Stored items

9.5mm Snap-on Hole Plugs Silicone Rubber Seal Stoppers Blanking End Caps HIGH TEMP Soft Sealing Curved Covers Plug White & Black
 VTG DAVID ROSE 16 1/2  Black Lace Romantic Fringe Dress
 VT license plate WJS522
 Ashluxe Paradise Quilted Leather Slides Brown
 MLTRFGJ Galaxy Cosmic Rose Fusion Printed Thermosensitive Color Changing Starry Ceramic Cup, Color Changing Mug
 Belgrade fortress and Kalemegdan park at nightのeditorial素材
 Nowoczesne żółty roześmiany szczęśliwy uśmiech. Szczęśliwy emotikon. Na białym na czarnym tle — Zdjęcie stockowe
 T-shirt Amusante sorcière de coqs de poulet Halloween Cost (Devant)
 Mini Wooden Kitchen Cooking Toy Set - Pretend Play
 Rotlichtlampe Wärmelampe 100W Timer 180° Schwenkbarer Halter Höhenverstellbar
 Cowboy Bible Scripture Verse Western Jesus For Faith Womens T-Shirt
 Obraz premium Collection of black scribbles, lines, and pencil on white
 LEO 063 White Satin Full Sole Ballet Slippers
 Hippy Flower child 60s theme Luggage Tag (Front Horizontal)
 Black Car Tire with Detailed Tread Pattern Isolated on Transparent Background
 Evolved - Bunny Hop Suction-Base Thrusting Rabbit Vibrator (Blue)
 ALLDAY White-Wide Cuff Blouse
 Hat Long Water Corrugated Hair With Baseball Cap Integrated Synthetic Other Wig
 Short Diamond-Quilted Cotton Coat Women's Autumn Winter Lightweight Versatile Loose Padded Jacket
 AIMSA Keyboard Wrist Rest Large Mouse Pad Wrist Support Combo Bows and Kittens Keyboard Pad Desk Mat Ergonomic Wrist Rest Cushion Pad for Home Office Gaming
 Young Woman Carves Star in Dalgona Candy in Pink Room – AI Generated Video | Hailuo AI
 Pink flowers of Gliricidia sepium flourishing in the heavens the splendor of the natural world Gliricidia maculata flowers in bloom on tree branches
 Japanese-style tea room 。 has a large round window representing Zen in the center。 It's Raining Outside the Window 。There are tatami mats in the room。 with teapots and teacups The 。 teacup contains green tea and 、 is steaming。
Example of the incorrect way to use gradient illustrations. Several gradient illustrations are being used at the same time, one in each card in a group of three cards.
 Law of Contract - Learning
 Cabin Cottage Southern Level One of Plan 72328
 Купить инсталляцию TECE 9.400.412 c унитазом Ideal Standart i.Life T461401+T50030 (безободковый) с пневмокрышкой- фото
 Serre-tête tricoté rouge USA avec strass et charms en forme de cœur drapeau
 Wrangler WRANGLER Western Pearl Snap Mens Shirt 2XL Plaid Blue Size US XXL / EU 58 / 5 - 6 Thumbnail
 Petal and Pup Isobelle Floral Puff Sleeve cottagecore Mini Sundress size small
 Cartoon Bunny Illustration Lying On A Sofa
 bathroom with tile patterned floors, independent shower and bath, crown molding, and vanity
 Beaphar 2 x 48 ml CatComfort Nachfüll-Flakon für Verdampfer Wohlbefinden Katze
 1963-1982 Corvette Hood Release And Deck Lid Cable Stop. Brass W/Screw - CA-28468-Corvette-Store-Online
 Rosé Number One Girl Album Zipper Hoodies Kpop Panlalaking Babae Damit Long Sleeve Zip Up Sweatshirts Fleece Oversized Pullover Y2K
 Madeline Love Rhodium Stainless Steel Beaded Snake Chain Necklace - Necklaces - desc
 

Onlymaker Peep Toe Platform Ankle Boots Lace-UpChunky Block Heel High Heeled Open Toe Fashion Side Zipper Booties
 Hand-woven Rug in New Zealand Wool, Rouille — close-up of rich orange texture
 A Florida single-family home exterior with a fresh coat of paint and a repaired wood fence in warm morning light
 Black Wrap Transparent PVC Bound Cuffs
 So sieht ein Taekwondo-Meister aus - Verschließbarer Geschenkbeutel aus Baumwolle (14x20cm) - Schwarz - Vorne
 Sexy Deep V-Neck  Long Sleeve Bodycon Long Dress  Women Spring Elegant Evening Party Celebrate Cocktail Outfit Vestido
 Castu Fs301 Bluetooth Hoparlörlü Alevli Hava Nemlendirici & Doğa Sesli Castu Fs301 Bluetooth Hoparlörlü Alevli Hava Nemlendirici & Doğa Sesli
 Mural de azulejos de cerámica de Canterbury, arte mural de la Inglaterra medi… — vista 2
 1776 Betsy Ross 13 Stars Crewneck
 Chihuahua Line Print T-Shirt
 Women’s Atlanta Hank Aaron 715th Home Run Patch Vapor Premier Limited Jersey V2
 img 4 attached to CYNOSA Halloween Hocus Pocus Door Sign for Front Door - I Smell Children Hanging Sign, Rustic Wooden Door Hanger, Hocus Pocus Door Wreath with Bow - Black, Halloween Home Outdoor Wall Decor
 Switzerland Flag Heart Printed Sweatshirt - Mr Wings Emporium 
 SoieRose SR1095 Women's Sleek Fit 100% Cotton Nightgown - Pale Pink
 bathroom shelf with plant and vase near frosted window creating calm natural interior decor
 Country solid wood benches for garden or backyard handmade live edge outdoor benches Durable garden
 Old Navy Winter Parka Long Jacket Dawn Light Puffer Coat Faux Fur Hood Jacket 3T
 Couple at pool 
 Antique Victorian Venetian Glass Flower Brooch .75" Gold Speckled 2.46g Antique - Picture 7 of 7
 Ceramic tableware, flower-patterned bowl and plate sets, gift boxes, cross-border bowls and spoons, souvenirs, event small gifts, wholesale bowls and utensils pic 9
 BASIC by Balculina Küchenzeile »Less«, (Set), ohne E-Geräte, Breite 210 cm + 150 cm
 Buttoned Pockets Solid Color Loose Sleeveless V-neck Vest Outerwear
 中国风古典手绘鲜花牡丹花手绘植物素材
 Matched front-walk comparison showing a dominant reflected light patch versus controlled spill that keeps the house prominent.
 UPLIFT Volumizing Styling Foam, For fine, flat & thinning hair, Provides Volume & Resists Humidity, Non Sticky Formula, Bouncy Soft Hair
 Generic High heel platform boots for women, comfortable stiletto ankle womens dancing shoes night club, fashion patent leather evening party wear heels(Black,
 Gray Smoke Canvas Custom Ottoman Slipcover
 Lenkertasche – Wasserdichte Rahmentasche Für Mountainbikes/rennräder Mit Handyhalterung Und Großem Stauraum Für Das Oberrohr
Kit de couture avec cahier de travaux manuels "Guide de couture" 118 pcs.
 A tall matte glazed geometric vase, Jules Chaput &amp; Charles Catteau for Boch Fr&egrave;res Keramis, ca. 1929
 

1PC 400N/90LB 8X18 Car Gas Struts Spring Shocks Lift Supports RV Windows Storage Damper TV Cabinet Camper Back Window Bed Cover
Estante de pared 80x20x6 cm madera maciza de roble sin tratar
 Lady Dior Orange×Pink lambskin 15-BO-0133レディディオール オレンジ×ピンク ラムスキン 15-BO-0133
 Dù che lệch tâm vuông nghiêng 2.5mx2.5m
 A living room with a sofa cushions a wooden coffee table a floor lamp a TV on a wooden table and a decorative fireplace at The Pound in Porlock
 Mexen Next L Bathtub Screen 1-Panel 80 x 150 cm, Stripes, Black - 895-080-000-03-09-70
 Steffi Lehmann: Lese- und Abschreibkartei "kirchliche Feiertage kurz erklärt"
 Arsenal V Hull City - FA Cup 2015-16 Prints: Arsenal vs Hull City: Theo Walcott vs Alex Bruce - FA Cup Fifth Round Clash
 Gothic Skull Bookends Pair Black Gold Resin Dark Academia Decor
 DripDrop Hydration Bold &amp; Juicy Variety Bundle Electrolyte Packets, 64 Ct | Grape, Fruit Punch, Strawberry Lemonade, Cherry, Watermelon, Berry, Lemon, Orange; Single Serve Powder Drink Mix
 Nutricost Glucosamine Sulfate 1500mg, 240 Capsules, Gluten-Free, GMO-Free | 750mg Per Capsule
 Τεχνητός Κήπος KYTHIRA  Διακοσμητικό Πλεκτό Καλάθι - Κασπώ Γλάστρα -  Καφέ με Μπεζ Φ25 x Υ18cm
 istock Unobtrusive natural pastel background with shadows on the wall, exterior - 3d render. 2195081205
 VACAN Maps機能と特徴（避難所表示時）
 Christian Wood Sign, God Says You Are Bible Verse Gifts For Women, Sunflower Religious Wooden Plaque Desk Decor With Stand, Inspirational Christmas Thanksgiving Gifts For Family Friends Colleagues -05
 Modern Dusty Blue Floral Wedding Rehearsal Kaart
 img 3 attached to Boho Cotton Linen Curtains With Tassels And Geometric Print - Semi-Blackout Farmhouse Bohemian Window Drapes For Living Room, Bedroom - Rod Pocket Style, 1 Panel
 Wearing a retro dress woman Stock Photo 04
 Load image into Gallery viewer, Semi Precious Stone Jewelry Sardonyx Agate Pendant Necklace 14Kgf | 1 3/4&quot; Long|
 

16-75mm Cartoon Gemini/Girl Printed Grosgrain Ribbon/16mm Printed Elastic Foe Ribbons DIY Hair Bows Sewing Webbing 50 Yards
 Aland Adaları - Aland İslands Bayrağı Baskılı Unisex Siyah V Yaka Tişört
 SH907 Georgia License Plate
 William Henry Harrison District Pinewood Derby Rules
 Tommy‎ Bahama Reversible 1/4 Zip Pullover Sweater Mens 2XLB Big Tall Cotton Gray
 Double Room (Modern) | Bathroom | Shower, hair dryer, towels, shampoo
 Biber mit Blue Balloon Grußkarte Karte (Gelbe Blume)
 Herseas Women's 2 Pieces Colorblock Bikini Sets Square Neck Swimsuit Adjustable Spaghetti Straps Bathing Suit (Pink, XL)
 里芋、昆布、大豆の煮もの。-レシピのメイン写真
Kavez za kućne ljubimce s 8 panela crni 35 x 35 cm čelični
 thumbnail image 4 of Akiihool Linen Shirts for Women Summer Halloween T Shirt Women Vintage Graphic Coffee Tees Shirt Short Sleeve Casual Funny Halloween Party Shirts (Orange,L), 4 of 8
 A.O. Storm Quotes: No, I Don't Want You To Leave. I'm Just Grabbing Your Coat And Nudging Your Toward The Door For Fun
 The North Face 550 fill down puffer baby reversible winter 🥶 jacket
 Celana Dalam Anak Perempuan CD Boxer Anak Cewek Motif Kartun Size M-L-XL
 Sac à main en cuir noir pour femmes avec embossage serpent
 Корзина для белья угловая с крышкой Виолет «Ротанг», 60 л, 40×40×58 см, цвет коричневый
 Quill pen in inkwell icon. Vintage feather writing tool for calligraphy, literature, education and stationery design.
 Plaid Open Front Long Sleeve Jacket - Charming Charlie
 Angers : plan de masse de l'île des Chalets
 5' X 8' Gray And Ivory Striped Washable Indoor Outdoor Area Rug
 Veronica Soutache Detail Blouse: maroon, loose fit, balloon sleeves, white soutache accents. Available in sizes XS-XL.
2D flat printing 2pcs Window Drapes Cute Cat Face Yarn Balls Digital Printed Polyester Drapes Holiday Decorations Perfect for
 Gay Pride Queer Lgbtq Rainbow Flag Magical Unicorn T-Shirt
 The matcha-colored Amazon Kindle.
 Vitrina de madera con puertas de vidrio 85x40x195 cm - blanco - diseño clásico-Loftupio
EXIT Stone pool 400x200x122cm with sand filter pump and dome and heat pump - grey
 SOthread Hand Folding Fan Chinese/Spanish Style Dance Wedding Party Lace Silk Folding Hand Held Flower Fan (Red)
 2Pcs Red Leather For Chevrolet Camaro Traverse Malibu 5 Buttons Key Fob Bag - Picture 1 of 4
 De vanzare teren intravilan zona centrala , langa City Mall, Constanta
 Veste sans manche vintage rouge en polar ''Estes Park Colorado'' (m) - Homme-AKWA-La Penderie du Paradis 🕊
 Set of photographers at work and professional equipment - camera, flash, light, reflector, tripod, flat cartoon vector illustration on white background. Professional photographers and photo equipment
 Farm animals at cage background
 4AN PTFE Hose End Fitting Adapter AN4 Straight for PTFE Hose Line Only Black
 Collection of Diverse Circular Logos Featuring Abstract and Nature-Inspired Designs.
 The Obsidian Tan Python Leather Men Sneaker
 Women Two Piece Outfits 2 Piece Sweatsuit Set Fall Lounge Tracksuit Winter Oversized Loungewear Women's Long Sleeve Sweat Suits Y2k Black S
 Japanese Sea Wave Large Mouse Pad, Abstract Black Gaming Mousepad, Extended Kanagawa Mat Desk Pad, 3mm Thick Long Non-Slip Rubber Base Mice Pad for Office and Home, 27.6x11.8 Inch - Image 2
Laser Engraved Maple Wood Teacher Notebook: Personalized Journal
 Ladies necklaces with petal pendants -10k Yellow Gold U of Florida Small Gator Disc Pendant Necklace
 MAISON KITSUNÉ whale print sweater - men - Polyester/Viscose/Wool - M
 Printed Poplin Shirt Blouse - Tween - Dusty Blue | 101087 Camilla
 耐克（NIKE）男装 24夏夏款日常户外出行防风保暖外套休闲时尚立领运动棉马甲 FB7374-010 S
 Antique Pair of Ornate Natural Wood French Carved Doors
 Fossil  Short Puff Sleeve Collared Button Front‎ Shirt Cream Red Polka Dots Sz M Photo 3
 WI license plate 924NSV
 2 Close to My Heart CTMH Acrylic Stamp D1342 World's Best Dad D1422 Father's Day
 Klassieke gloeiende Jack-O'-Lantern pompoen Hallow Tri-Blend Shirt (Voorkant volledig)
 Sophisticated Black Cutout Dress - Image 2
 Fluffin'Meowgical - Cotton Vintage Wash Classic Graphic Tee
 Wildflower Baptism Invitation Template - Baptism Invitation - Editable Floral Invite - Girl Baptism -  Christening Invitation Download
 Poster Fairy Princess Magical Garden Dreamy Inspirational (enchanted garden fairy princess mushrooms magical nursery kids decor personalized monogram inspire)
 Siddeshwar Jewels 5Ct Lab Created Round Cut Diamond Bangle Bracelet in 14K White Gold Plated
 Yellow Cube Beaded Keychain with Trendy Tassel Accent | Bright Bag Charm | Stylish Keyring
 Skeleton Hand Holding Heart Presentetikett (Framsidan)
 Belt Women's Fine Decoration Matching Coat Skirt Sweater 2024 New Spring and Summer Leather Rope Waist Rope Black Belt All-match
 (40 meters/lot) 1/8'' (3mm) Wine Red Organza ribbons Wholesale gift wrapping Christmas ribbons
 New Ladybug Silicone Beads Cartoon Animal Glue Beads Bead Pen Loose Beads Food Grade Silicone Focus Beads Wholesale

* **WHAT IS EXPECTED**:
Among the entries above, the lines between the ones containing "De vanzare teren" and "Wildflower Baptism Invitation", inclusive, are to be transcribed exactly. No other line is to be given.

* **WRITTEN ANSWER**:
 De vanzare teren intravilan zona centrala , langa City Mall, Constanta
 Veste sans manche vintage rouge en polar ''Estes Park Colorado'' (m) - Homme-AKWA-La Penderie du Paradis 🕊
 Set of photographers at work and professional equipment - camera, flash, light, reflector, tripod, flat cartoon vector illustration on white background. Professional photographers and photo equipment
 Farm animals at cage background
 4AN PTFE Hose End Fitting Adapter AN4 Straight for PTFE Hose Line Only Black
 Collection of Diverse Circular Logos Featuring Abstract and Nature-Inspired Designs.
 The Obsidian Tan Python Leather Men Sneaker
 Women Two Piece Outfits 2 Piece Sweatsuit Set Fall Lounge Tracksuit Winter Oversized Loungewear Women's Long Sleeve Sweat Suits Y2k Black S
 Japanese Sea Wave Large Mouse Pad, Abstract Black Gaming Mousepad, Extended Kanagawa Mat Desk Pad, 3mm Thick Long Non-Slip Rubber Base Mice Pad for Office and Home, 27.6x11.8 Inch - Image 2
Laser Engraved Maple Wood Teacher Notebook: Personalized Journal
 Ladies necklaces with petal pendants -10k Yellow Gold U of Florida Small Gator Disc Pendant Necklace
 MAISON KITSUNÉ whale print sweater - men - Polyester/Viscose/Wool - M
 Printed Poplin Shirt Blouse - Tween - Dusty Blue | 101087 Camilla
 耐克（NIKE）男装 24夏夏款日常户外出行防风保暖外套休闲时尚立领运动棉马甲 FB7374-010 S
 Antique Pair of Ornate Natural Wood French Carved Doors
 Fossil  Short Puff Sleeve Collared Button Front‎ Shirt Cream Red Polka Dots Sz M Photo 3
 WI license plate 924NSV
 2 Close to My Heart CTMH Acrylic Stamp D1342 World's Best Dad D1422 Father's Day
 Klassieke gloeiende Jack-O'-Lantern pompoen Hallow Tri-Blend Shirt (Voorkant volledig)
 Sophisticated Black Cutout Dress - Image 2
 Fluffin'Meowgical - Cotton Vintage Wash Classic Graphic Tee
 Wildflower Baptism Invitation Template - Baptism Invitation - Editable Floral Invite - Girl Baptism -  Christening Invitation Download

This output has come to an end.